Hmm, terus terang saya kecewa dengan apa yang saya temui di Taman Sriwedari. Meskipun namanya taman, tetapi isinya kurang tumbuhan hijau dan bunga-bungaan. Tidak ada bangku taman yang nyaman untuk melepas penat dan sejenak istirahat untuk mencuri sedikit oksigen dari taman yang seharusnya menjadi paru-paru kota. Untungnya di dalam ada kegiatan seni budaya yang tampaknya masih lumayan hidup, tapi karena tata ruang taman yang terkesan kumuh dan tidak terurus membuat nilai sejarah dan budaya yang dimiliki Taman Sriwedari menjadi kurang berkilau.

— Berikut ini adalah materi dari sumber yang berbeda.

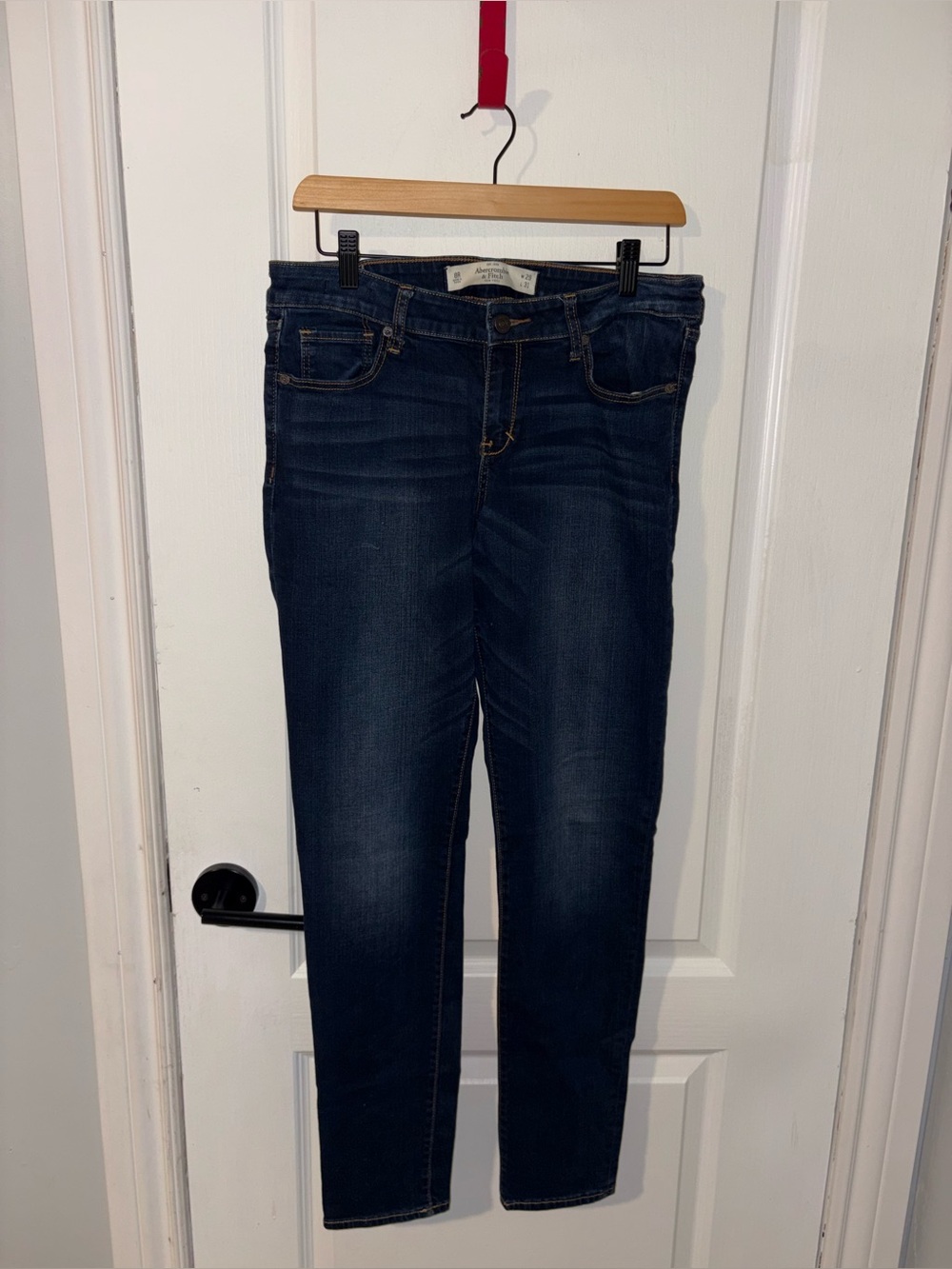 Abercrombie & Fitch | Jeans | Size 29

Ini sangat disayangkan. Pakubuwono X tentu tidak mengharapkan taman surga gagasannya menjadi tempat terbengkalai seperti ini. Taman ini pernah menjadi pilihan wisata utama saat pertama kali dibuka untuk umum, harusnya sekarang juga bisa. Gosipnya kondisi Taman Sriwedari yang tidak jelas ini karena terjadi sengketa kepemilikan lahan taman antara pemerintah daerah dengan pihak kesultanan Surakarta. Entah benar, entah tidak. Yang pasti surga terbengkalai, Taman Sriwedari ini membutuhkan penanganan serius jika mau menjadi objek wisata sejarah dan budaya yang menarik untuk dikunjungi.
Ah, perihal tulisan untuk cerpen dalam omnibook itu, dengan berat hati saya memutuskan berganti subjek ke taman lain karena taman yang diminta teman-teman kelompok haruslah taman paru-paru kota dengan hijauan rumput di mana-mana. Tapi saya sedang menuliskan sebuah cerpen lepas tentang Sriwedari dan sepasang patung penari yang ada di depan joglo dekat gerbang masuknya. Semoga bisa cepat rampung.
Jujur, jika ada kesempatan berkunjung ke Solo lagi, saya pasti akan mendatangi Sriwedari lagi. Semoga bila saat itu tiba, Taman Sriwedari sudah kembali menjadi pelataran surga seperti yang selama ini saya bayangkan. Aamiin.